*** Opening DATA BELOW ***
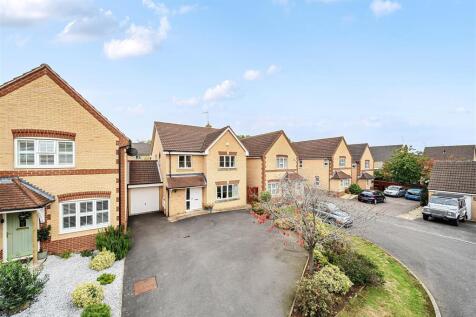 15 Herbert Gardens, Towcester (e).jpg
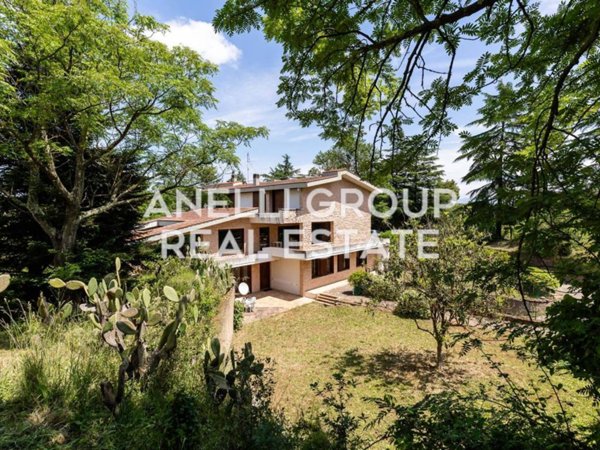 casa indipendente in vendita a Roma in zona Grottarossa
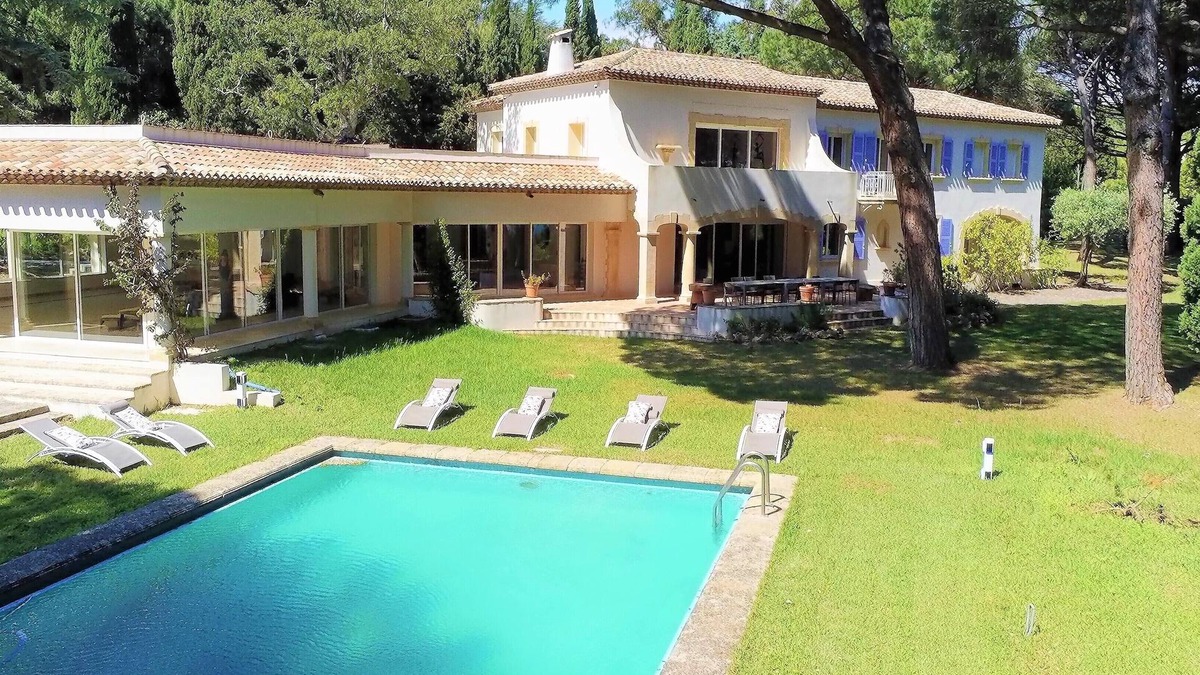 Guerrevieille Villa | Large renovated property with sea view, indoor pool, beaches 50 meters away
*** Closing DATA BELOW ***
▶ **REQUIREMENT**:
Copy exactly, and only, the lines from the line containing "casa indipendente in" through the final line of the material above, with no pictures.

▶ **WRITTEN RESPONSE**:
 casa indipendente in vendita a Roma in zona Grottarossa
 Guerrevieille Villa | Large renovated property with sea view, indoor pool, beaches 50 meters away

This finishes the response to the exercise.